# how?



## the pensive wombat

I've stared to teach myself Finnish and have already had help with a previous thread from some good people. I am at an early stage and use a software program along with internet sources.

I am confused about the use of *kuinka *and *miten* to translate 'how' in English. Wiktionary suggests that *kuinka *is more formal than *miten*. 

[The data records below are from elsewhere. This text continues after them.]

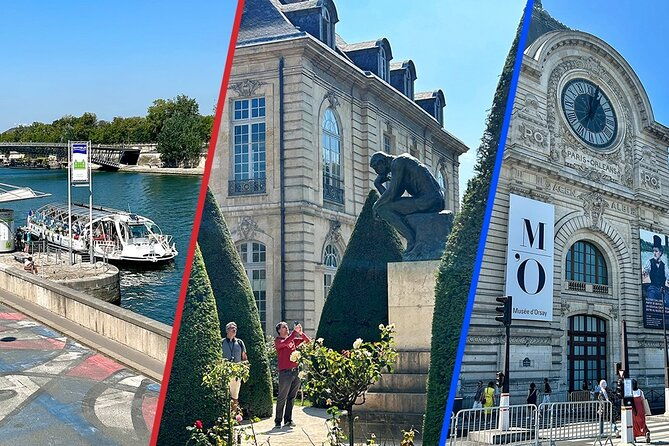 orsay-rodin-museum-with-hop-on-hop-off-seine-river-boat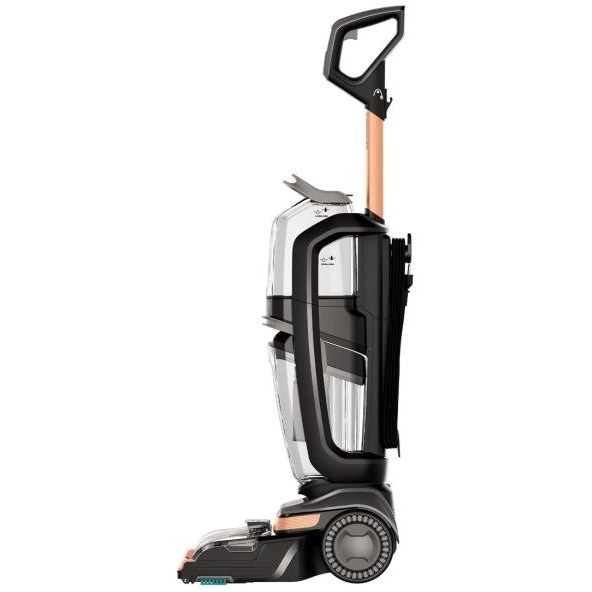 فرش شوی و مبل شوی بیسل مدل BISSELL Revolution HydroSteam Carpet Cleaner 3672E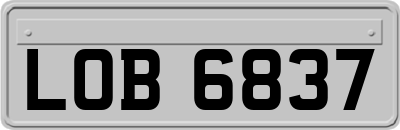 LOB6837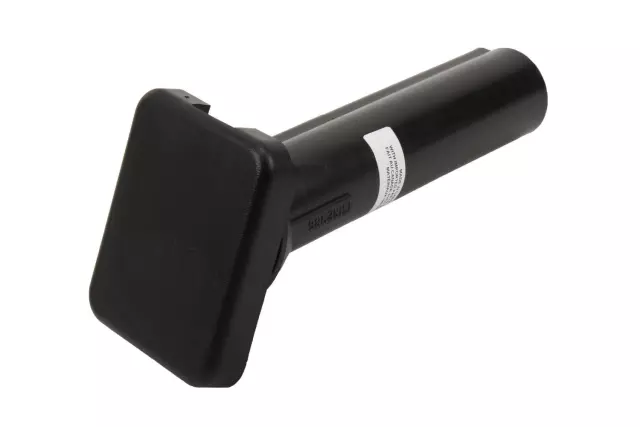 Spare Wheel Lock Cylinder Case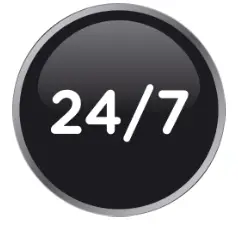 FISHER PAYKEL DD24SCTW9 N 24 Inch Full Console Double DishDrawer - FIg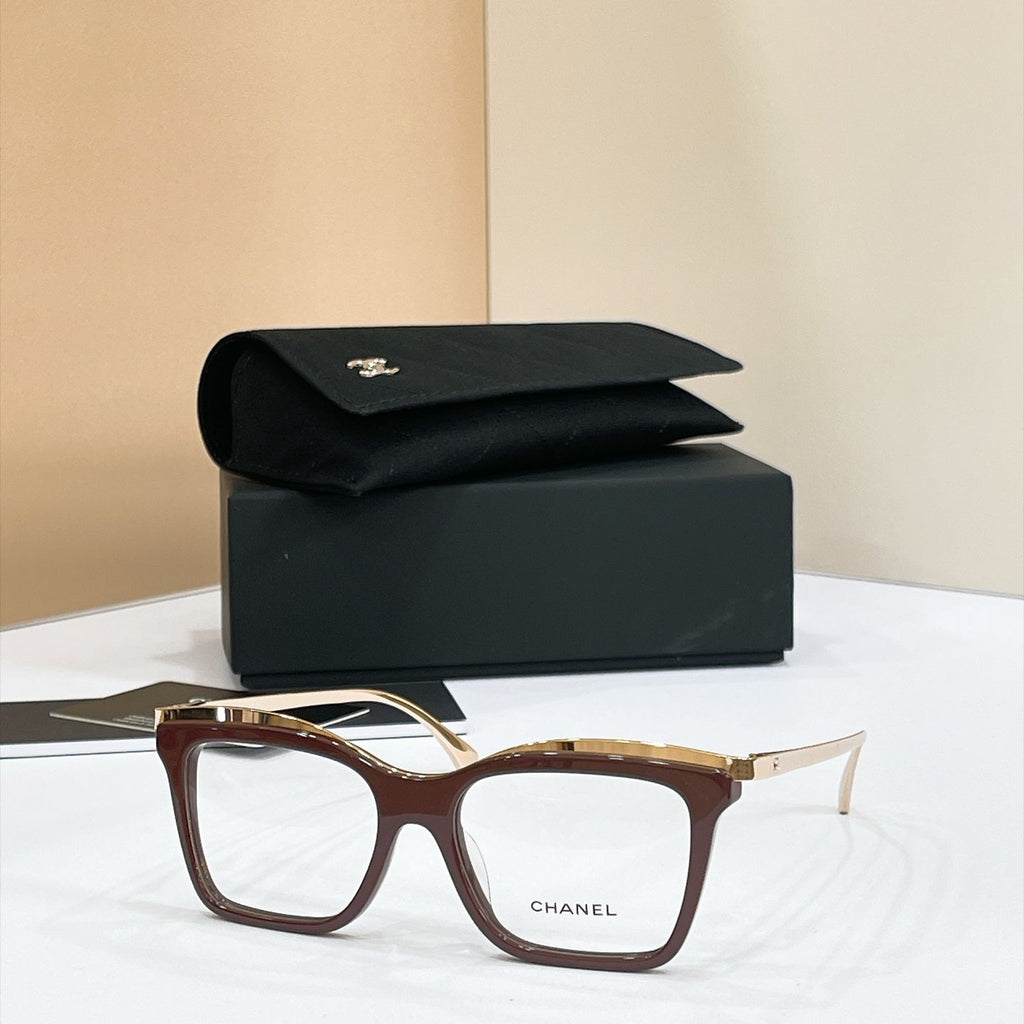 Chanel Sunglasses – CH4301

One example in the software is: *Miten sinä menet sinne? *'How do you go there?' Is it more formal to say:*Kuinka **sinä menet sinne?*

 And can I say* miten paljon* for 'how much' or must I say* kuinka paljon*?

Kiitos.


----------



## Grumpy Old Man

My native ear detects no difference in formality in your examples. _Miten / Kuinka paljon se maksoi? _are both fine. I would probably say _kuinka paljon? _but I can't think of a reason for that!


----------



## Gavril

I'm not a native speaker, but my impression (from the time I've spent studying Finnish so far) is that _miten_ is more common than _kuinka_ in standard Finnish. I most often see _kuinka_ used to modify an adjective or adverb -- _kuinka_ _nopeasti_ "how quickly ... ?", _kuinka iso_ "how big ... ?", etc. -- whereas _miten_ is more commonly applied to a whole clause: _Miten voimme tehdä sen?_ "How can we do it?", _Miten hän karkasi?_ "How did he escape?", and so on.


----------



## the pensive wombat

Many thanks to both of you. Clearly at my age I'm never going to master Finnish grammar. I'd need another lifetime. But when I return to Finland I would like to be able to conduct a few basic transactions and all this helps.


----------